The reason you gain boost with a cut out is because you are decreasing backpressure behind the turbo, allowing the turbine to get a higher expansion ratio.”
the garret link really just shows bigger ar = more top end power at the expense of spool rate , which is what everyone would expect . They don't mention whether boost went up or down from just the swap and I'm guessing they did what they had to get it the same.
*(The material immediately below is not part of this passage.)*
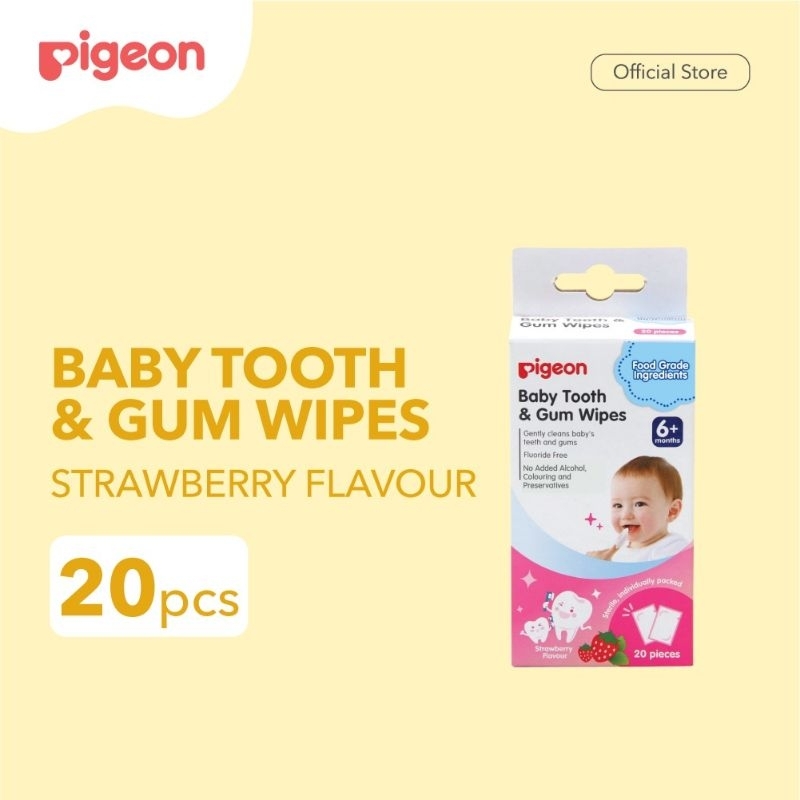 Pigeon Tooth &amp; Gum wipes/Kassa Membersihkan Gusi dan Gigi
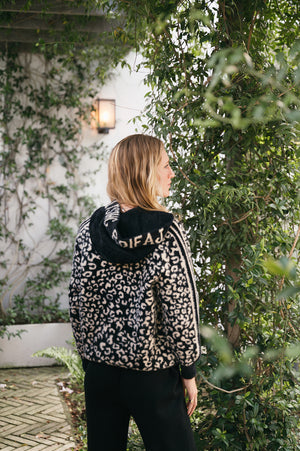 COCO ZIP ANIMAL PRINT JACKET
I'll try to make this short , about 40 years ago in trade school the subject was Detroit diesel tune up procedure with a drawing of a 2 cycle dd with turbo and blower (think 6-71) so I ask the instructor -do they use a different camshaft in the turbo engines to close the exhaust valves earlier to stop the boost from going straight out the exhaust. He said - don't know and nobody ever asked that before LOL. He checked with some people and no ,Same cam. So I figured it out , the only reason those engines can build boost is by having exhaust back pressure. Anyways how does this apply to our stuff ? Lower back pressure means less exhaust left in the CC and more room for charge air which means less restriction to flow on the intake which would lower boost pressure ( not power or flow ) mostly trying to explain how kfx got lower boost after the swap . Like I said earlier, there's a lot a variables at work here , from valve events to intake / intercooler restrictions and where on the compressor map you end up when you increase flow , how much power/torque/rpm the turbine is able to produce with a different housing. Most of this over my head for sure , that's why I just try to use what others have had good results with lol and this housing swap is something I'm considering but someone has else to prove it's worth while LOL. This is my understanding of the whole thing, keep the great info coming !!